Consumer confidence holds steady in March
NEW YORK (AP) — Americans seem more resigned to the hardships of the recession as consumer confidence stabilized in March after falling to an all-time low in February.
But economists caution that shoppers — dealing with shrinking retirement funds, falling home values and worries about job security — are still very gloomy and any improvement in sentiment is fragile.
“There is a sense that consumers are now familiar [with] how bad things are,” said Bernard Baumohl, chief global economist at the Economic Outlook Group. “They have read the papers. They recognize that the job market is awful.”
Some glimmers of better economic data of late helped stem further sharp declines in sentiment, which remains the lowest since at least 1967 when the index began. The Consumer Confidence Index issued Tuesday by the New York-based Conference Board edged up to 26.0 in March from a revised 25.3 reading in February. It had fallen from 37.4 in January and is less than half its level of a year ago.
But even as consumer confidence held steady, a widely watched index showed that American home prices dropped by the sharpest annual rate on record in January. The Standard & Poor’s/Case-Shiller 20-city housing index tumbled by a record 19 percent from January 2008.
Many people seem to be adjusting to the new harsh realities.
Barbara Fera, 63, a cosmetologist from Warwick, R.I., said she’s not “overspending” like she used to — buying a new jacket or purse whenever she felt like it — but also says she’s not “gonna be doom and gloom.”

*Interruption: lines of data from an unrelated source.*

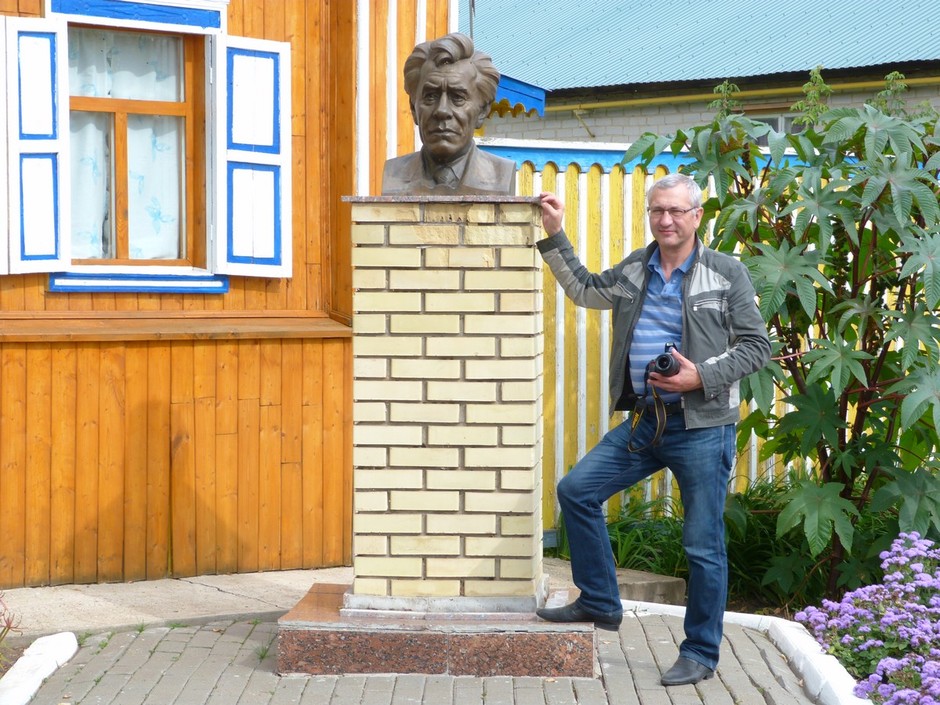 Старый Киреметь. Бюст Хасана Туфана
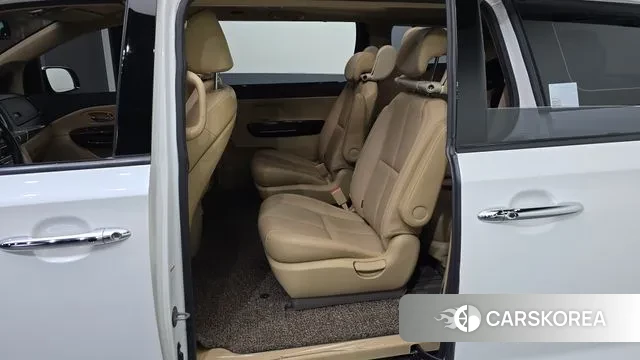 Kia The New Carnival 2020 Белый из Кореи, фото 2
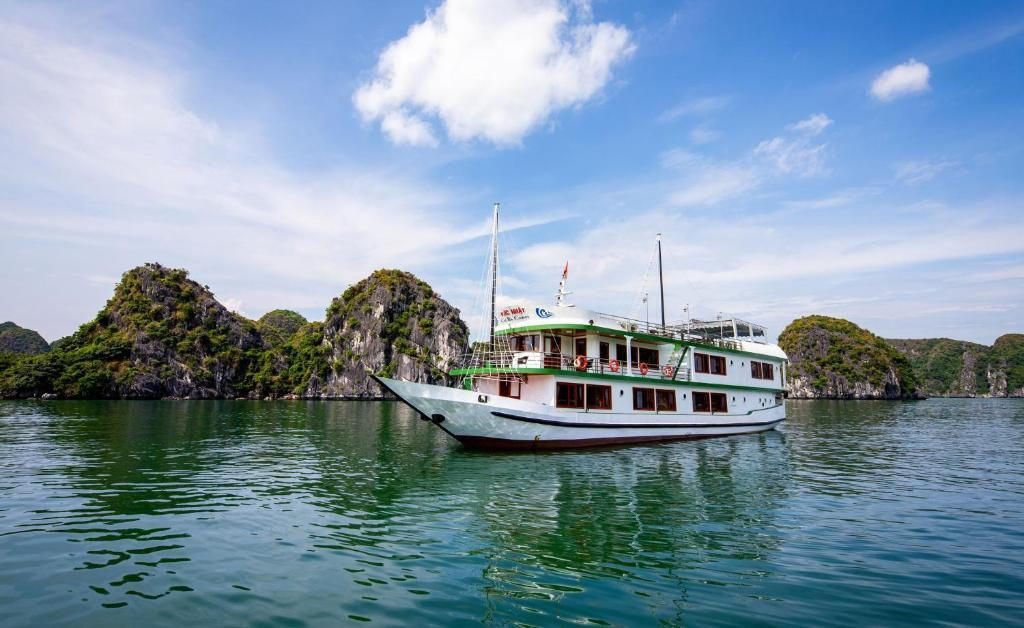 2 Days / 1 Night Cruises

Fera’s 401(k) lost money, but “time will bring that back,” she said while shopping for her grandchildren in Rhode Island’s Providence Place Mall.
Claude DeAlmeida, 40, of Fall River, Mass., expressed a calm resolve to ride out the downturn. “Every month I feel a little better about it,” he said.
An automotive technician with a wife and two girls, he said the family is cutting out extended vacations out of state this year but has made few other changes. He’s hoping that by next year, he’ll be able to cruise the Caribbean.
Economists closely monitor consumer confidence since consumer spending accounts for more than two-thirds of economic activity. The Conference Board’s consumer confidence survey sampled 5,000 U.S. households through March 24.
The latest positive signs about spending came Tuesday from the International Council of Shopping Centers-Goldman Sachs index. It showed that sales perked up for the week ended Saturday — though the retail sector has a “long road back,” noted the ICSC’s chief economist Michael P. Niemira.